● PROBLEM REQUIREMENTS
Please filter the listing below and copy out the lines that hold "Income".

● DATA UNDER STUDY
━━━━

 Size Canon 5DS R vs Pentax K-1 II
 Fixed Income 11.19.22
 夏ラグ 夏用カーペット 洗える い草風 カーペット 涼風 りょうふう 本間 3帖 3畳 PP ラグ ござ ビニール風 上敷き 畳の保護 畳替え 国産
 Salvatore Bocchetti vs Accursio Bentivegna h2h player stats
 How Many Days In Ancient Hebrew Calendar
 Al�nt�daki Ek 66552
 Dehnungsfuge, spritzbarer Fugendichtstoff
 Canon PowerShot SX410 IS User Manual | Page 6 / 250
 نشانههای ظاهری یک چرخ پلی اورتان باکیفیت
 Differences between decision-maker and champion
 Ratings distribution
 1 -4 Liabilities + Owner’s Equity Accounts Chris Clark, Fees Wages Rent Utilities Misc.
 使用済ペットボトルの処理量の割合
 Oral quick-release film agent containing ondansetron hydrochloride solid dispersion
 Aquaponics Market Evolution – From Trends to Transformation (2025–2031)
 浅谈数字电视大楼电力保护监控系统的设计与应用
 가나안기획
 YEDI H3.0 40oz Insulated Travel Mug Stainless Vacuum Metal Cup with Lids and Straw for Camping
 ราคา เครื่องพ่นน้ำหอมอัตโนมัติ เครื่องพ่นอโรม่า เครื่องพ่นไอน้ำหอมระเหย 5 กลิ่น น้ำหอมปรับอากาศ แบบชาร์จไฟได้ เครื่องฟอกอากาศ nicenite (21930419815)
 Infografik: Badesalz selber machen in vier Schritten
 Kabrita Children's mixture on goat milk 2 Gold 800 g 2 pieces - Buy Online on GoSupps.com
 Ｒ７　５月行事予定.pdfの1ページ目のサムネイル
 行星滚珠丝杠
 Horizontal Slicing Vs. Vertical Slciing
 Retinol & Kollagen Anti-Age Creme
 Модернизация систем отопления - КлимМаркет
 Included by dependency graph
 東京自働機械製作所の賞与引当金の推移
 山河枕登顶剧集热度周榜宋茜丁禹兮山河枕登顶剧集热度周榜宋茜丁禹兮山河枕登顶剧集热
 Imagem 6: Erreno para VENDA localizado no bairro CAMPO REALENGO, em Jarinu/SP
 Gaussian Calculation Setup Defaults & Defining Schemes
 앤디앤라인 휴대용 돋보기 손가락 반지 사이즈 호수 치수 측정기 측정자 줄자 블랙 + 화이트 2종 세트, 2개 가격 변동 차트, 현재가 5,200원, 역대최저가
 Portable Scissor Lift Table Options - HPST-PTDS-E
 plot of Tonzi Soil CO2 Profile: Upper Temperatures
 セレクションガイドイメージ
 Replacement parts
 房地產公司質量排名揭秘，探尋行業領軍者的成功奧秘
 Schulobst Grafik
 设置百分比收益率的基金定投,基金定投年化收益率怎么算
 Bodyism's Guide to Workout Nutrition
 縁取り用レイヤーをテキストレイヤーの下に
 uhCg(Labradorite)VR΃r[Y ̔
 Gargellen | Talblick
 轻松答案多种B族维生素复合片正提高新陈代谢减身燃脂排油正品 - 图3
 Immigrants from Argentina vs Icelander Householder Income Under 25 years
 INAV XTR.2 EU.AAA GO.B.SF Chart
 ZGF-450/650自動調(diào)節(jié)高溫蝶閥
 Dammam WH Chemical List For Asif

━━━━

● WORKED SOLUTION
 Fixed Income 11.19.22
 Immigrants from Argentina vs Icelander Householder Income Under 25 years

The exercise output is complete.